- _YOUR TASK_
From the data that follows, set down exactly the lines from the one with "Eukaryotic Translation Initiation" through the one with "Virus SARS-CoV-2 - Ảnh minh họa từ Internet Virus", counting both. Pictures stay out.

- _DATA LISTING_

★ ★ ★

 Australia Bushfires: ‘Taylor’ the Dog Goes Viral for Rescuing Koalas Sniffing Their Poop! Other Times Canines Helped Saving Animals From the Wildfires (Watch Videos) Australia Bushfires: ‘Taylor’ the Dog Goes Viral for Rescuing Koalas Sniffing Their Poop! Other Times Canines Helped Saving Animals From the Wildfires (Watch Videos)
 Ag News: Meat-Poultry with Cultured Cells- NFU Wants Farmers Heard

★ ★ ★

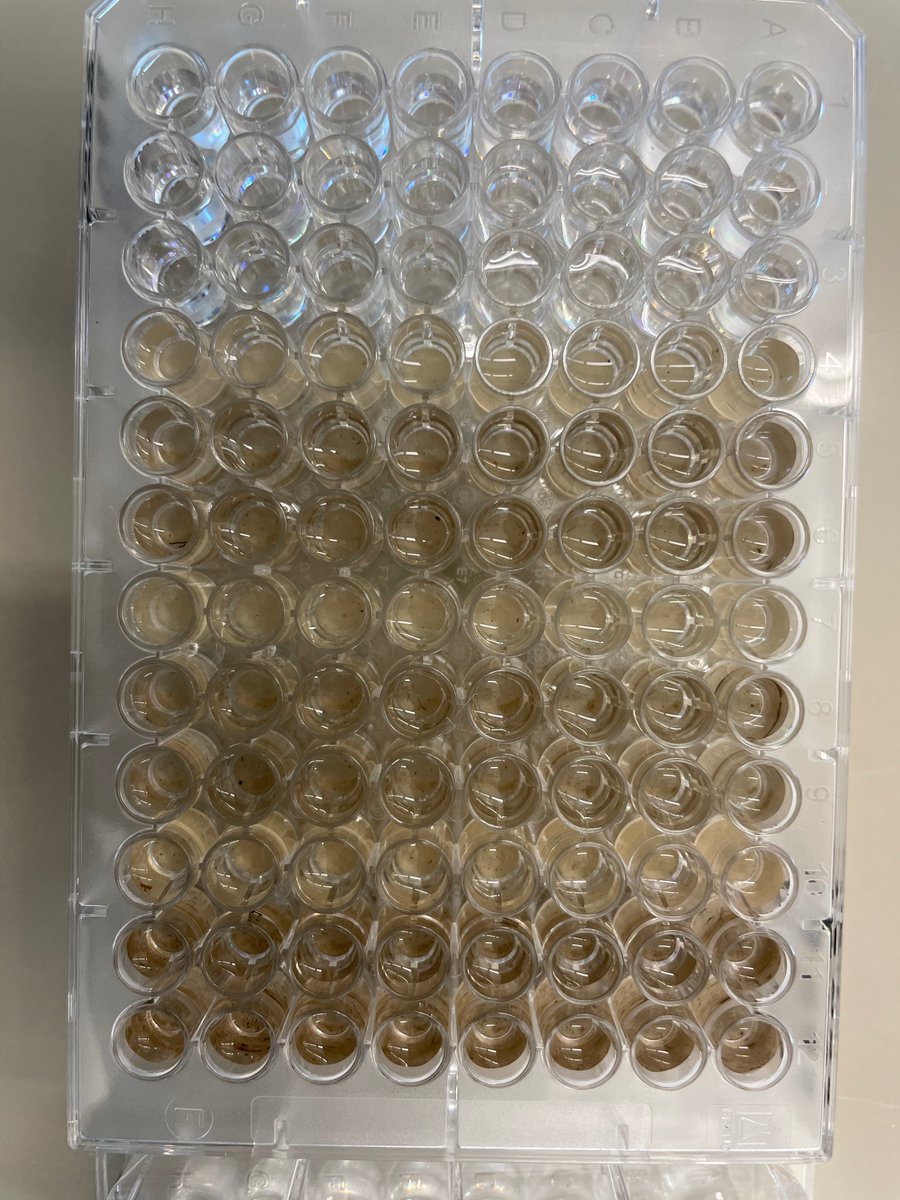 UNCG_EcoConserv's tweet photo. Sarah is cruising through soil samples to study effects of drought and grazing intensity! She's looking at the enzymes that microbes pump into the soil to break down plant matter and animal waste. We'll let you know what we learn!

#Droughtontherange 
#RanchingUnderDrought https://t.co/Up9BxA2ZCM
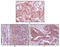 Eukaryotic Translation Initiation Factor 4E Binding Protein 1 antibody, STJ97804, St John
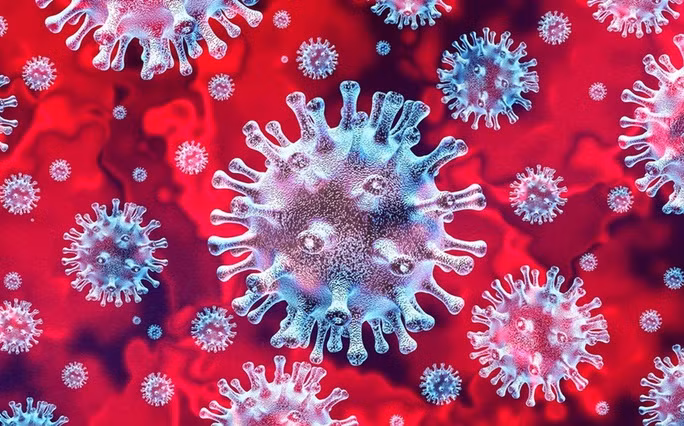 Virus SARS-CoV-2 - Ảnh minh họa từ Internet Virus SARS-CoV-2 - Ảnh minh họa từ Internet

★ ★ ★

- _REPLY TO THE EXERCISE_
 Eukaryotic Translation Initiation Factor 4E Binding Protein 1 antibody, STJ97804, St John
 Virus SARS-CoV-2 - Ảnh minh họa từ Internet Virus SARS-CoV-2 - Ảnh minh họa từ Internet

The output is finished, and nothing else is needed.